The Sherman Act—per se V. Rule Of Reason Analysis

To successfully plead a claim under § 1 of the Sherman Act, a plaintiff must plead evidentiary facts to show:

(1) a contract, combination or conspiracy among two or more persons or distinct business entities; (2) by which the persons or entities intended to harm or restrain trade or commerce among the several States, or with foreign nations; (3) which actually injures competition.[12]

It is now a legal axiom that a bare assertion of the existence of an unlawful agreement is not entitled to the presumption of truth.[13] Requiring proof of a potential agreement is essential to the claim.

In limited circumstances, certain conduct may be per se unlawful. Per se condemnation under the Sherman Act is reserved for “conduct that is manifestly anticompetitive . . . that is, conduct that would always or almost always tend to restrict competition and decrease output.”[14] Consequently, where a plaintiff proves facts that establish a business practice that has been declared per se unlawful, liability is established as a matter of law.

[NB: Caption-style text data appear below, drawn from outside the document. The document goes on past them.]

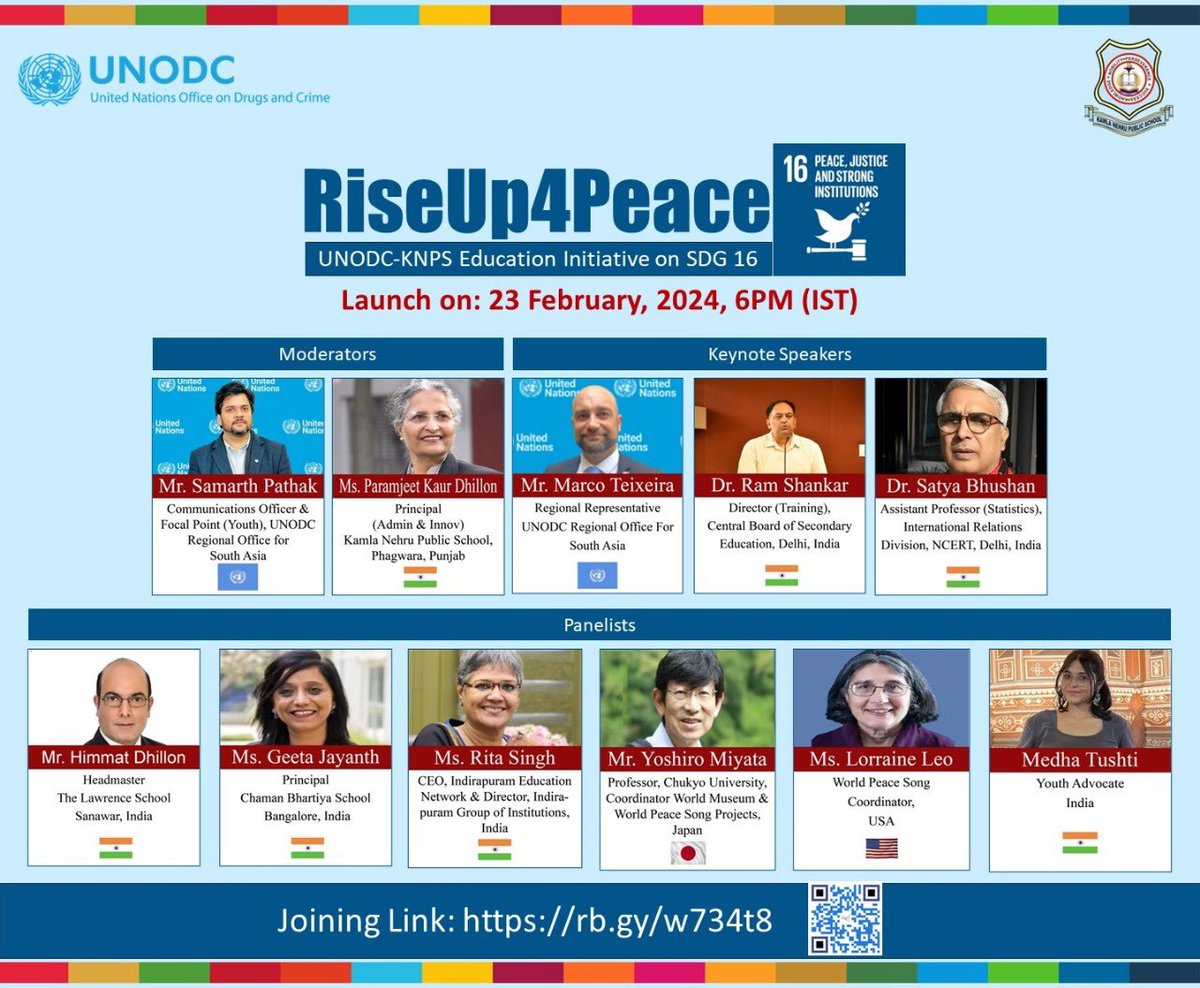 Join this riveting dialogue with experts as we unveil #RiseUp4Peace🕊️, a #SDG16-focused initiative by @UNODC, @KnpsIndia & educator partners to strengthen education on peace, lawfulness & integrity! 📍Friday, 23 Feb | 6 pm (IST) 📍MS Teams: rb.gy/w734t8 #GlobalGoals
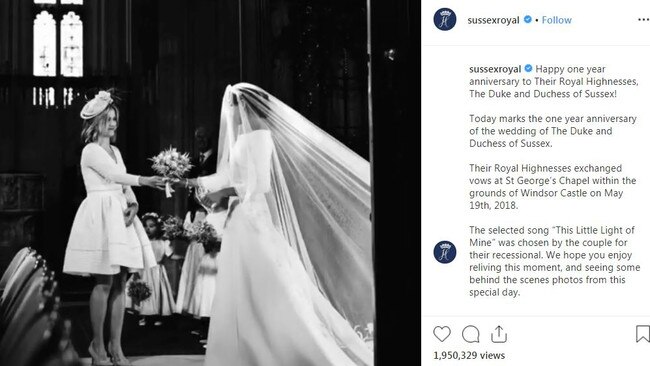 Screengrabs from a video posted to the Sussex Royal Instagram page to celebrate one year since the marriage of Prince to Meghan.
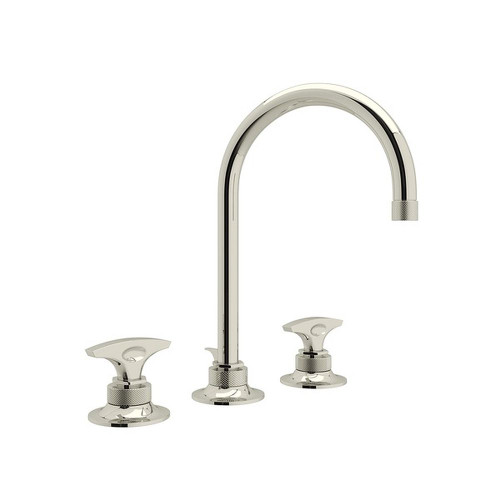 C-Spout Widespread Lavatory Faucet with Metal Dial Handle and 6-1/2" Reach Pop-Up Waste in Polished Nickel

Because of the severity of per se condemnation, “most antitrust claims are analyzed under the rule of reason.”[15] Under this framework, “the finder of fact must decide whether the questioned practice imposes an unreasonable restraint on competition, taking into account a variety of factors, including specific information about the relevant business, its condition before and after the restraint was imposed, and the restraint's history, nature, and effect.”[16] Although the rule of reason has been synthesized from several past decisions, the contemporary rule of reason analysis has been "cast[] in terms of shifting burdens of proof."[17]Under the rule of reason:

The plaintiff bears the initial burden of showing that an agreement had a substantially adverse effect on competition. If the plaintiff meets this burden, the burden shifts to the defendant to come forward with evidence of the procompetitive virtues of the alleged wrongful conduct. If the defendant is able to demonstrate procompetitive effects, the plaintiff then must prove that the challenged conduct is not reasonably necessary to achieve the legitimate objectives or that those objectives can be achieved in a substantially less restrictive manner. Ultimately, if these steps are met, the harms and benefits must be weighed against each other in order to judge whether the challenged behavior is, on balance, reasonable.[18]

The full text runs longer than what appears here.